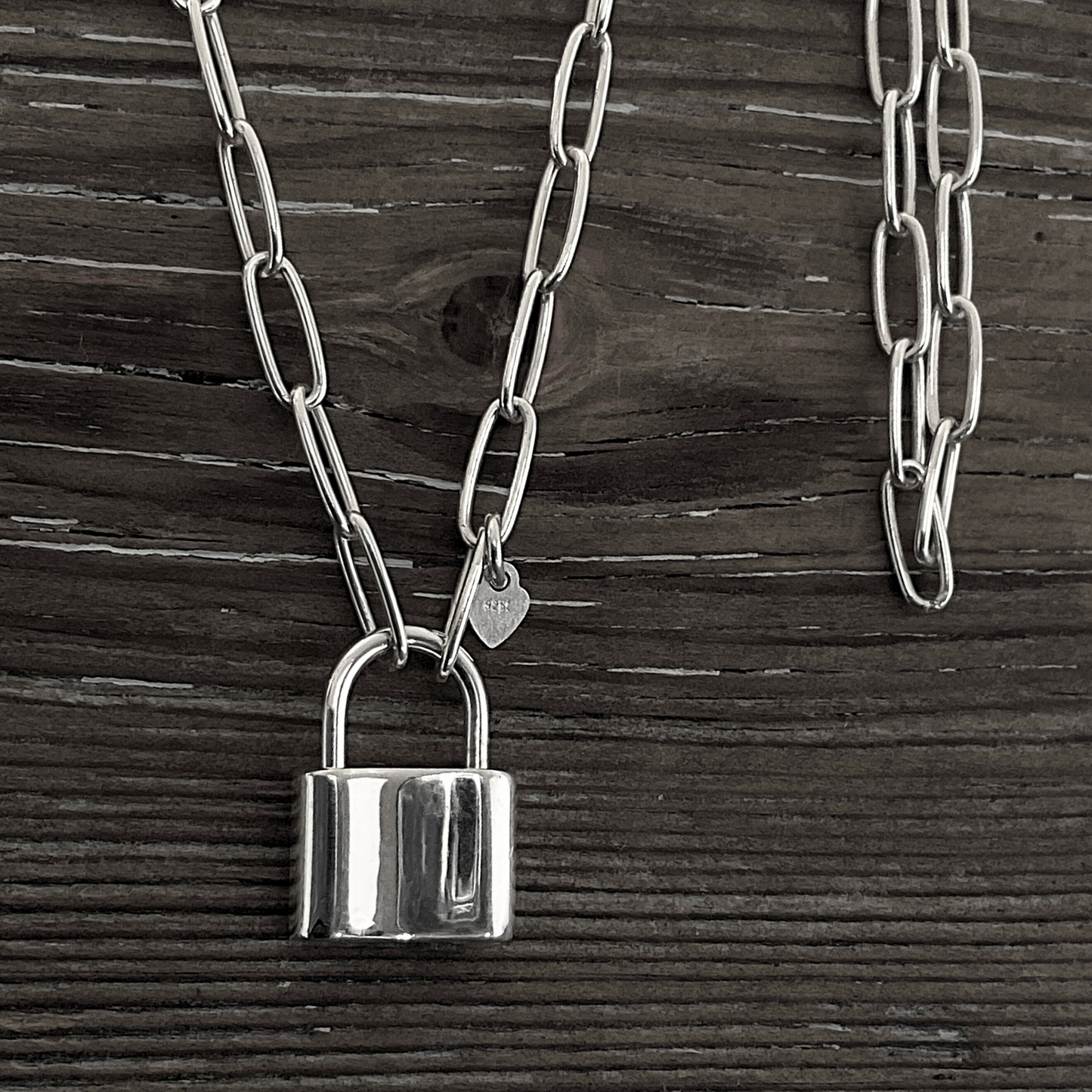 Dainty Padlock Paperclip Chain Necklace in Sterling Silver, 3mm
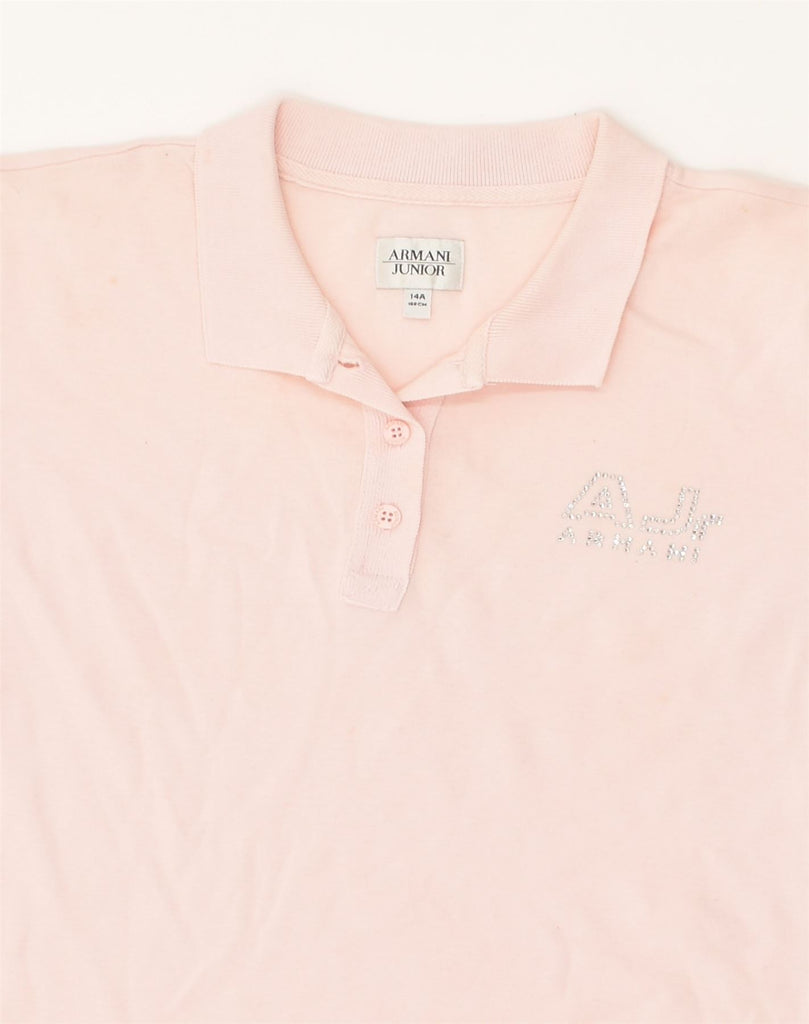 ARMANI JUNIOR Girls Polo Shirt 13-14 Years Pink Cotton | Vintage Armani Junior | Thrift | Second-Hand Armani Junior | Used Clothing | Messina Hembry 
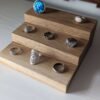 3 Tier Ring Display, Crystal Display Stand - Solid Oak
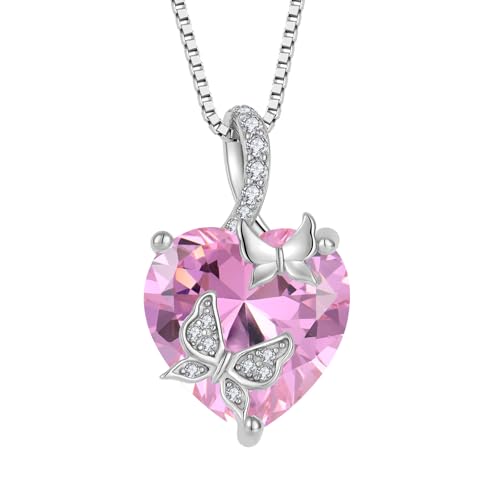 FJ Schmetterling Kette Damen 925 Sterling Silber Rosa Turmalin Kette Oktober Geburtsstein Halskette Herz Anhänger Schmuck Geschenke für Frauen Mutter Freundin Mama von FJ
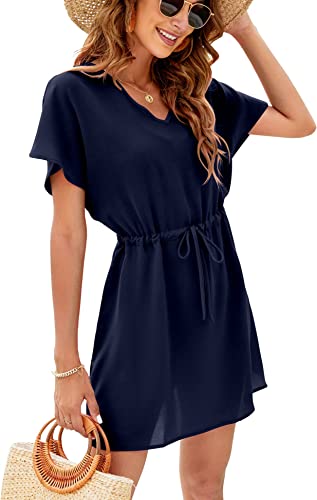 Photo 1 of Bluetime Women Casual Sexy Swim Cover up V-Neck Summer Beachwear Coverups Flowy Short Sleeve Mini Beach Dress Small Navy Blue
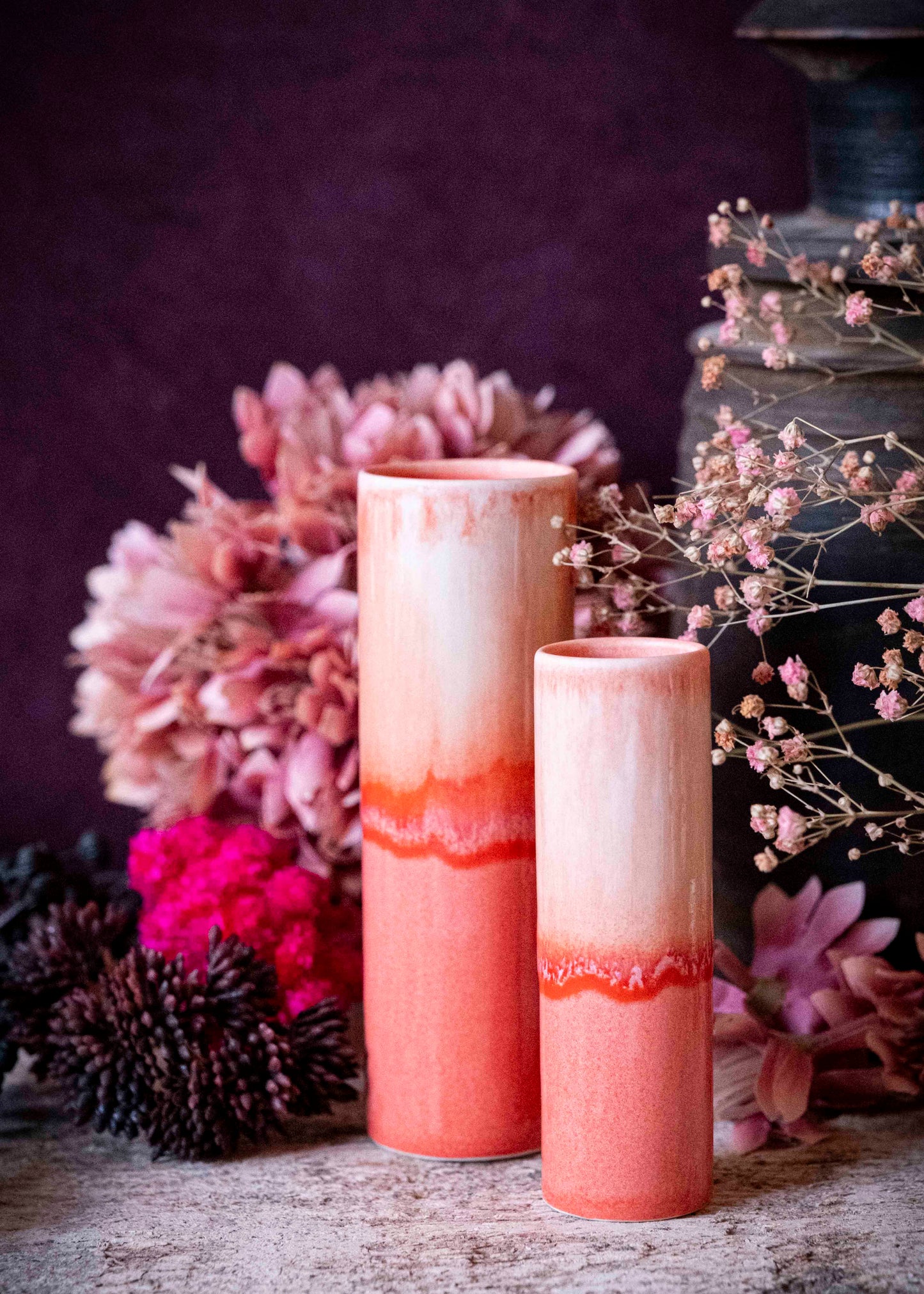 Vase bicolore - Rose orangé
• • • •
### EXERCISE AIM
Find the line that contains "Photo 1 of Bluetime" and repeat it, along with every line after it to the end of the data, exactly; drop the pictures.

### OUTPUT
 Photo 1 of Bluetime Women Casual Sexy Swim Cover up V-Neck Summer Beachwear Coverups Flowy Short Sleeve Mini Beach Dress Small Navy Blue
 Vase bicolore - Rose orangé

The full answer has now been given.